Folglich spricht das Angebot der Halle nicht nur eine lokale Frequenz an, sondern die Zielgruppe der aktiven Konsumenten, die das handwerklich und nachhaltig hergestellte Produkt dem Industrieprodukt vorziehen. Und informierte Konsumenten, die hochwertige Güter des täglichen Bedarfs nachfragen, finden sich in allen Bevölkerungsschichten.

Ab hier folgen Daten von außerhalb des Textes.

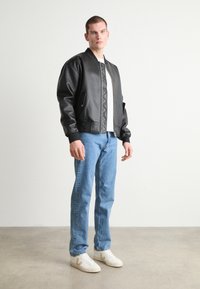 Jachetă bomber din piele ecologică neagră, cu manșete și guler striate, având față cu fermoar și detalii quilted. Asortată cu blugi denim de culoare albastră deschisă și adidași albi.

Als künftige Betreiberin der Halle bietet die Die Zunft AG ihren Mietern eine Portallösung im E-Commerce mit stark selektivem Ansatz: Nur Anbieter hochwertiger manufaktureller Güter und Dienste werden aufgenommen. Das entscheidende Selektionskriterium ist nicht nur die Qualität der Produkte - die ja auch industriell gefertigt hochwertig sein können - sondern Priorität haben verfahrenstechnisch handwerklich bis manufakturell hergestellte Produkte, die eine individuelle Problemlösung mit emotionalem Zusatznutzen bieten. Vor allem aber werden alle Güter und Dienste politisch korrekt erstellt: Weniger das WAS sondern das WIE des Herstellungsverfahrens entscheidet über die Aufnahme in die Halle der Manufakturen, bzw. ins Sortiment der Markthalle.